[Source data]

== == ==

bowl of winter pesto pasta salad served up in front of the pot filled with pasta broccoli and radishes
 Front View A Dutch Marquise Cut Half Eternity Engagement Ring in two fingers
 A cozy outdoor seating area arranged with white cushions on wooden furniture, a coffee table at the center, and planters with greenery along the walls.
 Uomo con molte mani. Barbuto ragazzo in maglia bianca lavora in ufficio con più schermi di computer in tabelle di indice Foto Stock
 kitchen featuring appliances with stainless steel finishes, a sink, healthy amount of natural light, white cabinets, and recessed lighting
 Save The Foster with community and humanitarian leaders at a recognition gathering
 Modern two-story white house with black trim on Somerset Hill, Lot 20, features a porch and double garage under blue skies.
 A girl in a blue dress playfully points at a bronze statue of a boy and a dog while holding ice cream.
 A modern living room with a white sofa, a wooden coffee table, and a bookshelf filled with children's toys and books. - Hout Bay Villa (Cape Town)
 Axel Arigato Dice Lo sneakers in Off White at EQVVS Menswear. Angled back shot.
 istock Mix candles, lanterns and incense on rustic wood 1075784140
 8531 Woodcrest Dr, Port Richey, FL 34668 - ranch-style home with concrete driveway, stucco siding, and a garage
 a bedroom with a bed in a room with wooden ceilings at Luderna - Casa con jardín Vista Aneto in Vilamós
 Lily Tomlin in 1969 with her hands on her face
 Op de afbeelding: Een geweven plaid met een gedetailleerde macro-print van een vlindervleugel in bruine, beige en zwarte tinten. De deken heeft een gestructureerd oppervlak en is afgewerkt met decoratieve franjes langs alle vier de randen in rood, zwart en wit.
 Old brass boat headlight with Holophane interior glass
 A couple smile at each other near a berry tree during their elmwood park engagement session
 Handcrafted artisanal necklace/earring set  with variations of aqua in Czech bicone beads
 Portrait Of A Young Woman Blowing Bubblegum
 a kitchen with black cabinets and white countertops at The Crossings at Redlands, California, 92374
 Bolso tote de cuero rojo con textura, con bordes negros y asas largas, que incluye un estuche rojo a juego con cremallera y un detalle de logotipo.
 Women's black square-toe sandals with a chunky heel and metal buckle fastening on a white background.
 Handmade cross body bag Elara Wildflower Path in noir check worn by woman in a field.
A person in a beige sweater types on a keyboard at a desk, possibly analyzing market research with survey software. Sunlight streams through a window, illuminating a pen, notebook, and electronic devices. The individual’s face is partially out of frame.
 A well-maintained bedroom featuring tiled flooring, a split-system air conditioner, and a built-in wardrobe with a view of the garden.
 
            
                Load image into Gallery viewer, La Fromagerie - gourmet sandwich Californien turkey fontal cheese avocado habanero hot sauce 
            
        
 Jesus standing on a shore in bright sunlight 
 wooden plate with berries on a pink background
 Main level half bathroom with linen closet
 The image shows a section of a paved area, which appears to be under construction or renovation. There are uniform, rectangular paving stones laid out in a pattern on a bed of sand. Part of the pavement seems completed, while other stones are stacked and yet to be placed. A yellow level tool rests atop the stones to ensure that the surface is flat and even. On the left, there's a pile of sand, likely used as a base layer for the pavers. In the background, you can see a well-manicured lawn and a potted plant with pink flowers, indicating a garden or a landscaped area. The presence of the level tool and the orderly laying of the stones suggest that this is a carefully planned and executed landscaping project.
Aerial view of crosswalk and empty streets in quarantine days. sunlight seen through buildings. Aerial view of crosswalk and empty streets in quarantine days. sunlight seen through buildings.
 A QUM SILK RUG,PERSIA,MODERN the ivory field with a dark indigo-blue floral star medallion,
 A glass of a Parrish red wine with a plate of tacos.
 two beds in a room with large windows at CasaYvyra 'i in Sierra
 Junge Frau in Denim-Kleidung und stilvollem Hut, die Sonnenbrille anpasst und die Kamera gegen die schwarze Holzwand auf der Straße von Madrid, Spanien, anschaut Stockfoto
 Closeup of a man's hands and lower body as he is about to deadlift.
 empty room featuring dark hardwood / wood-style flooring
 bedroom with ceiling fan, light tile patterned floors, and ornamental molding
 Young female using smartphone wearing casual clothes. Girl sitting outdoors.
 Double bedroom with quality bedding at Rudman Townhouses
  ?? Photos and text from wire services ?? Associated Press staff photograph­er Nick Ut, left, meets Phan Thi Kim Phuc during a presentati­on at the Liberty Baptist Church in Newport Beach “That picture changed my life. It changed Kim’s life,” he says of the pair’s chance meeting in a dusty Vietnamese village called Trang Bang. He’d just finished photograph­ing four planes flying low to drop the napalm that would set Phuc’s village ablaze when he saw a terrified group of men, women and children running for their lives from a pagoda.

== == ==

- Exercise objective: Could you please retype the lines from the start of the data through the line with "Front View A", both included, and nothing else?

- Output below:
bowl of winter pesto pasta salad served up in front of the pot filled with pasta broccoli and radishes
 Front View A Dutch Marquise Cut Half Eternity Engagement Ring in two fingers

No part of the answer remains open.